La donna annuì e senza pensarci due volte si avvicinò a sua figlia e Amenadiel.
“Che devo fare?”
“Abbracciala”
“Devo solo abbracciarla?”
“Penso di sì”
Chloe accarezzò dolcemente il viso di sua figlia che smise di divincolarsi e in quel preciso istante, Amenadiel incontrò lo sguardo di suo fratello. Abbi si stava calmando al solo contatto con sua madre. Quando la detective l’abbracciò, la ragazza cominciò a tornare alla sua naturale forma.

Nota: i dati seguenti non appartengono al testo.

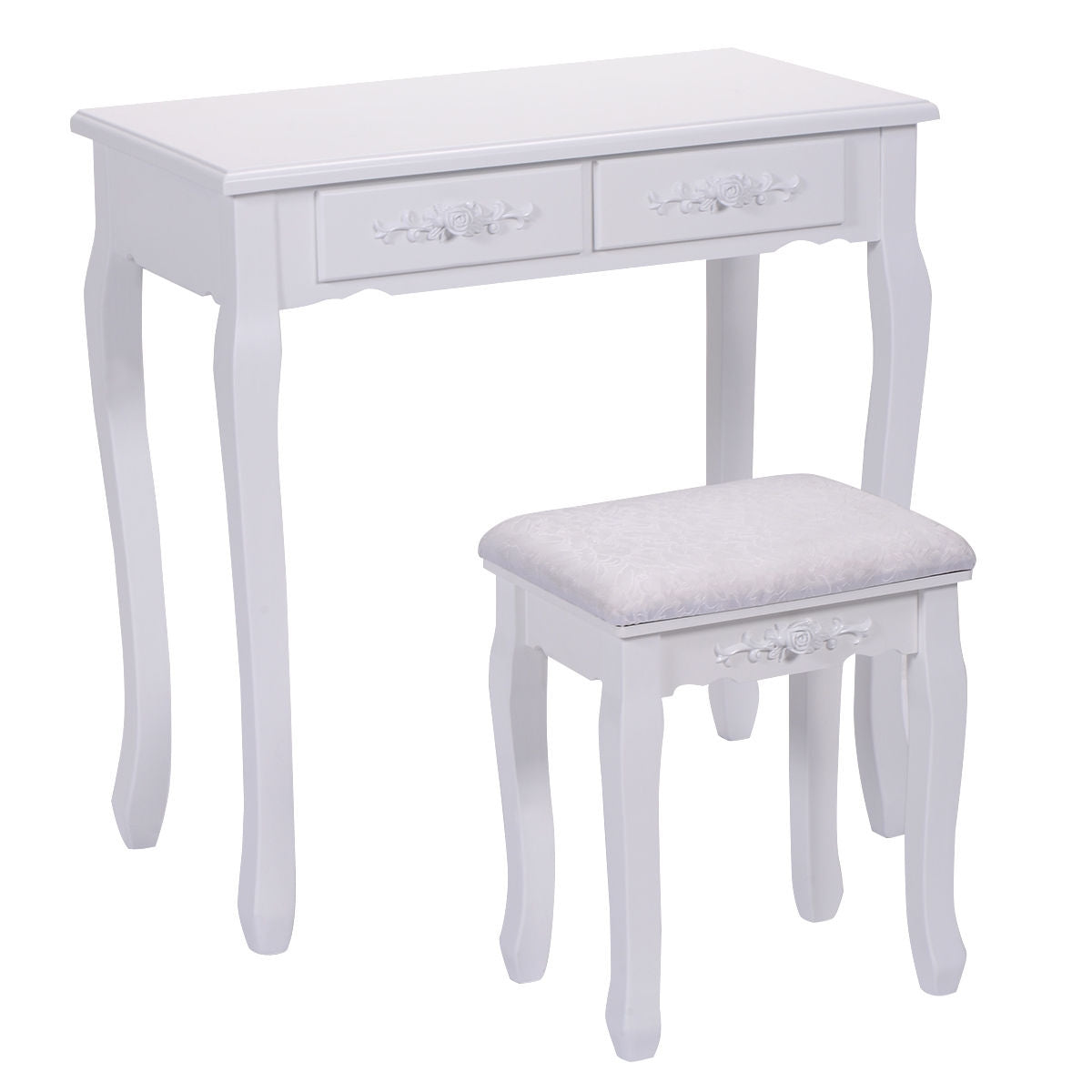 Classic Vanity Makeup Table Set with 360° Mirror, Drawers, and Stool – Solid Wood Frame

Chloe era la soluzione. Forse perché era un miracolo o semplicemente perché era sua madre e il calore e l’amore di un suo abbraccio annullavano ogni tipo di sentimento negativo? Dovevano scoprirlo, ma al momento non era di urgente importanza. Dovevano capire quale fosse l’intera sfera emozionale che la portava a subire quel cambiamento devastante. Devastante perché la rabbia inghiottiva Abigail, la frustrazione, la paura, tutte quelle emozioni così profonde, le facevano perdere il controllo. E soprattutto, dovevano capire cos’era che aveva innescato quel meccanismo, quale evento aveva dato inizio al cambiamento della ragazza?